The company said that this government decision could lead to numerous negative consequences for domestic industry in general and Interpipe Steel in particular. Currently, the capacity of interstate sections for electricity imports is 1.7 GW, which is significantly less than the needs of the entire Ukrainian business. That is, the international agreements of the state of Ukraine do not allow the implementation of the new rules introduced by the Cabinet in May, the press release states.

"In practice, this may lead to an artificial, even speculative increase in demand for imported electricity, the price of which can rise to any level. Only those enterprises that have minimal electricity costs in the cost structure of production will be able and willing to pay for non-disconnection," the company said.

Electricity accounts for almost 25% of the cost of steel billets supplied by Interpipe Steel to plants for the production of steel pipes and railway products within the vertical integration of the Interpipe group. That is, the increase in costs and increased demand for electricity will not only have an extremely negative impact on the competitiveness of Interpipe's finished products but also may result in the inability to purchase the required volume of imported electricity according to resolution No. 611.

Currently, Interpipe's plants located in Dnipropetrovsk region provide jobs for about 9,000 people in the frontline region. Among them, about 3,000 people are employed and have stable incomes at the pipe plant in Nikopol, which is officially recognized as a combat zone. Last year, the group paid a record amount of taxes and fees totaling UAH 4.4 billion.

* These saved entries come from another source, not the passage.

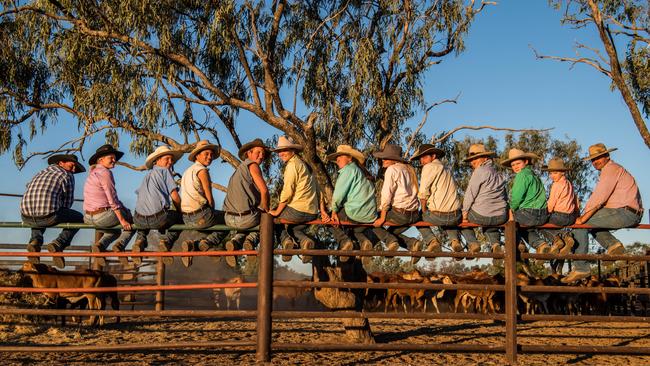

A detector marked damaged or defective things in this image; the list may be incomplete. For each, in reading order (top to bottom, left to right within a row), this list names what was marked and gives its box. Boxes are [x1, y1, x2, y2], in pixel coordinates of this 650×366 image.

rusty metal bar [254, 212, 272, 364]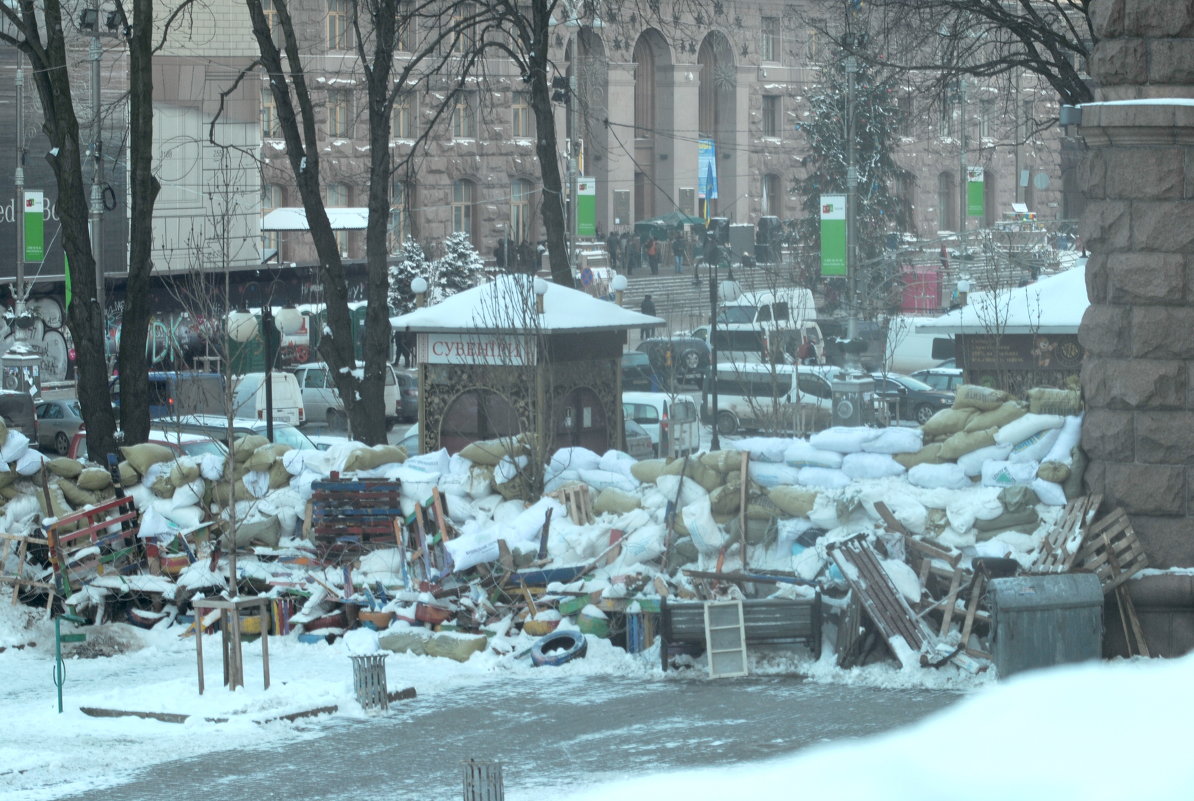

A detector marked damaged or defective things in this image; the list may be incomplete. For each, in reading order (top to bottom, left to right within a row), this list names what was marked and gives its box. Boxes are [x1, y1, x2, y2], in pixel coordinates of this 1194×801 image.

broken furniture [652, 592, 820, 668]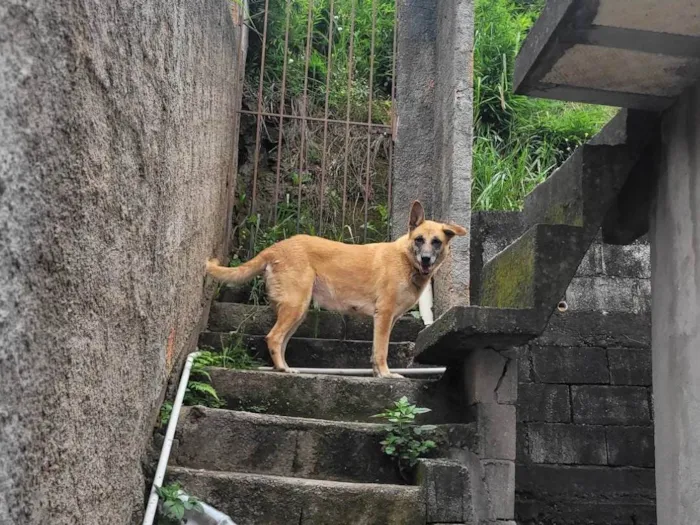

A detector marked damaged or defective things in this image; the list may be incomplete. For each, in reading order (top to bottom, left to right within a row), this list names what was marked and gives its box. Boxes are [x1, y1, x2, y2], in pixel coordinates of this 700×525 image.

rusty metal bar [250, 0, 272, 219]
rusty metal bar [268, 0, 290, 224]
rusty metal bar [296, 0, 314, 233]
rusty metal bar [239, 108, 394, 129]
rusty metal bar [320, 0, 336, 235]
rusty metal bar [342, 0, 358, 236]
rusty metal bar [360, 0, 378, 243]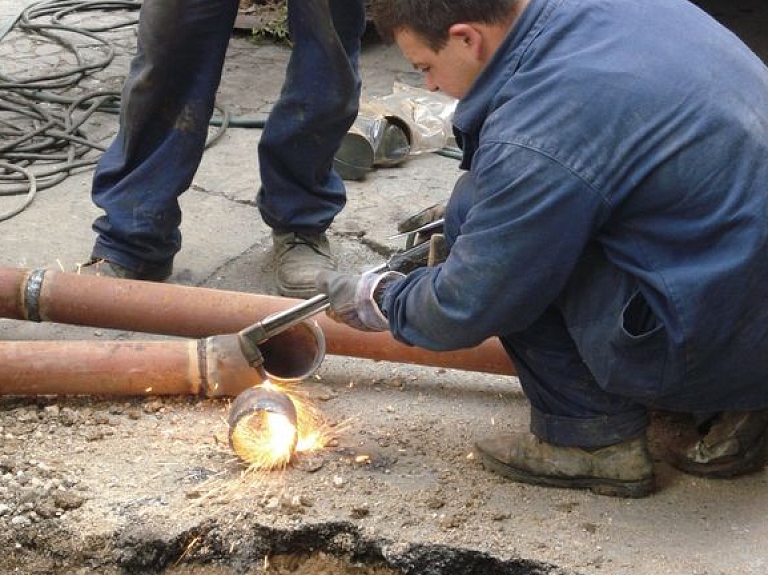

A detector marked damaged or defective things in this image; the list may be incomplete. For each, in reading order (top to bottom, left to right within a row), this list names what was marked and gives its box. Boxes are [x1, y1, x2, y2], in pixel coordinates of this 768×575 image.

rusty pipe [3, 268, 516, 376]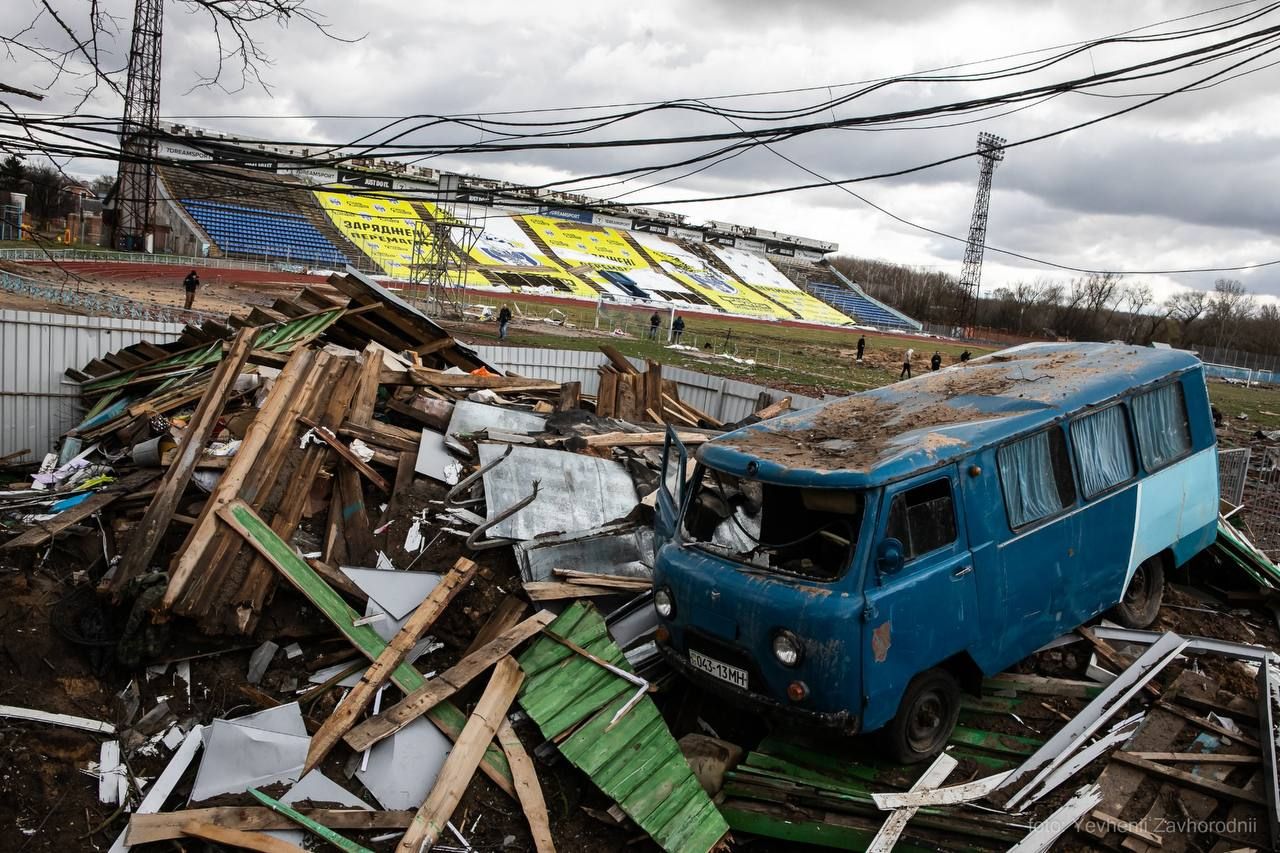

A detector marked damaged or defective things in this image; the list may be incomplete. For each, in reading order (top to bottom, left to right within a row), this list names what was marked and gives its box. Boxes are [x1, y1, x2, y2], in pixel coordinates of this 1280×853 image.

broken window [680, 466, 860, 580]
broken window [884, 476, 956, 564]
damaged blue van [656, 342, 1216, 764]
broken window [996, 424, 1072, 524]
broken window [1072, 406, 1136, 500]
broken window [1136, 382, 1192, 470]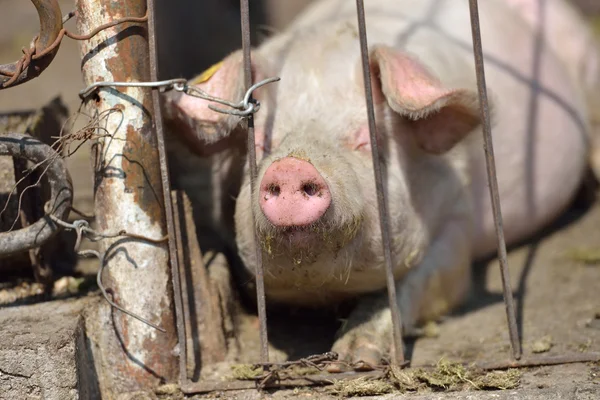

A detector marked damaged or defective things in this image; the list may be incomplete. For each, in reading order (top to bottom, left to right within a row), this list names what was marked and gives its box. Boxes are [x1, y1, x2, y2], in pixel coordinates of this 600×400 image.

Moreover, Interpipe bears a significant social burden, helping mobilized employees, internally displaced persons, and demobilized veterans. Systematic assistance is also provided to 15 brigades and units of the Ukrainian Defense Forces, the company said.

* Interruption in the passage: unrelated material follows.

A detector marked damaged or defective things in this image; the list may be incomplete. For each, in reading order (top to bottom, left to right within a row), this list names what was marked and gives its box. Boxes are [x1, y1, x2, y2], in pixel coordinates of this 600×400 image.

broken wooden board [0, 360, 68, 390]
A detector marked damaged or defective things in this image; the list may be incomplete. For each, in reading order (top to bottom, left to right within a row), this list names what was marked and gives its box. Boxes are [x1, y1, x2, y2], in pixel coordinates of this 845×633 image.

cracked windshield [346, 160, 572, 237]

Previously, the Federation of Employers of Ukraine (FEU) appealed to the Cabinet of Ministers of Ukraine to cancel resolution No. 611dated May 30, 2024. The adoption of this decision "on such an important and relevant issue for industry took place without proper discussion and consideration, depriving consumers of the opportunity to express comments and suggestions, despite numerous potential negative consequences."

The FEU said that the capacity of interstate connections is significantly less than the needs of businesses, which will lead to a shortage of imported electricity, which, given the current state of Ukraine's energy system, cannot be covered by domestic production. This will result in an artificial increase in demand for imports and may lead to price increases. At auctions for the distribution of interstate connections, enterprises with a low share of electricity costs in the cost of production have an advantage. Providing supply guarantees only to those importing 80% of their needs will seriously harm energy-intensive industries and lead to the shutdown of large productions during peak load hours.

At the same time, the increase in import costs will lead to a general rise in electricity and consumer goods prices, negatively affecting the living standards of the population.

The FEU also said that the instability of electricity supplies creates obstacles for production planning, which negatively affects industry and related sectors, such as railway transport and port operations. The inability to ensure stable electricity supplies will lead to a decline in the production activity of large enterprises, a reduction in tax revenues, foreign exchange earnings, negatively affecting Ukraine's GDP, and the country's defense capability, as well as an increase in unemployment, the association believed.